(Recorded data)
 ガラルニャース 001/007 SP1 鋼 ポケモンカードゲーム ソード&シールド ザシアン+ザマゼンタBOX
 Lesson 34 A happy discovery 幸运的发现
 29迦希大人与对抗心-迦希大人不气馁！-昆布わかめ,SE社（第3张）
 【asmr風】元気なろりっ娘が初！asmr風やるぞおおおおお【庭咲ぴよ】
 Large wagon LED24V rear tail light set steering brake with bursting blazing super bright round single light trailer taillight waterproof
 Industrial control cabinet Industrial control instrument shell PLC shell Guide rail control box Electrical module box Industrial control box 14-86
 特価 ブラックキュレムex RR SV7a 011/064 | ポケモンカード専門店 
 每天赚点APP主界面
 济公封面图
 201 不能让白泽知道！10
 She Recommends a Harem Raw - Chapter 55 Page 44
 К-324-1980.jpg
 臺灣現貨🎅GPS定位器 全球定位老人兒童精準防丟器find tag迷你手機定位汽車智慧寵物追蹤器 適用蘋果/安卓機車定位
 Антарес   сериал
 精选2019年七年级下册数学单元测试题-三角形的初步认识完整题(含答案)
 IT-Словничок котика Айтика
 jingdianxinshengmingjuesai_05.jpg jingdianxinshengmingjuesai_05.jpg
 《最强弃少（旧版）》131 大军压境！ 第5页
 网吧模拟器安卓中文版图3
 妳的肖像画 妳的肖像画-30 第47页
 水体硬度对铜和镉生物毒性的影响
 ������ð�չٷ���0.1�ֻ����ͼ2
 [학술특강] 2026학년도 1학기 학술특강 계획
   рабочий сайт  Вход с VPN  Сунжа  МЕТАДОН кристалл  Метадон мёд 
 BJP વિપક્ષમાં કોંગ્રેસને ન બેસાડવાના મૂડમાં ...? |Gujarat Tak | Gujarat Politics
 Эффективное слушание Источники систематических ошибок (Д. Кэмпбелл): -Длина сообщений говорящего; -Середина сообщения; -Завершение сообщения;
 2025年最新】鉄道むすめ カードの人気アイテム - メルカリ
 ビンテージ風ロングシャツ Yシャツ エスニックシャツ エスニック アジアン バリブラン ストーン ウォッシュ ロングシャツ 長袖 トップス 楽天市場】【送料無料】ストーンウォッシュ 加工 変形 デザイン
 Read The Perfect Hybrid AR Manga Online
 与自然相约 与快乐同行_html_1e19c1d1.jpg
(End Recorded data)
● **Task statement**
Copy the line containing "[학술특강] 2026학년도 1학기 학술특강 계획" and every line after it, through the last line of the records. Include nothing else.

● **Response to this exercise**
 [학술특강] 2026학년도 1학기 학술특강 계획
   рабочий сайт  Вход с VPN  Сунжа  МЕТАДОН кристалл  Метадон мёд 
 BJP વિપક્ષમાં કોંગ્રેસને ન બેસાડવાના મૂડમાં ...? |Gujarat Tak | Gujarat Politics
 Эффективное слушание Источники систематических ошибок (Д. Кэмпбелл): -Длина сообщений говорящего; -Середина сообщения; -Завершение сообщения;
 2025年最新】鉄道むすめ カードの人気アイテム - メルカリ
 ビンテージ風ロングシャツ Yシャツ エスニックシャツ エスニック アジアン バリブラン ストーン ウォッシュ ロングシャツ 長袖 トップス 楽天市場】【送料無料】ストーンウォッシュ 加工 変形 デザイン
 Read The Perfect Hybrid AR Manga Online
 与自然相约 与快乐同行_html_1e19c1d1.jpg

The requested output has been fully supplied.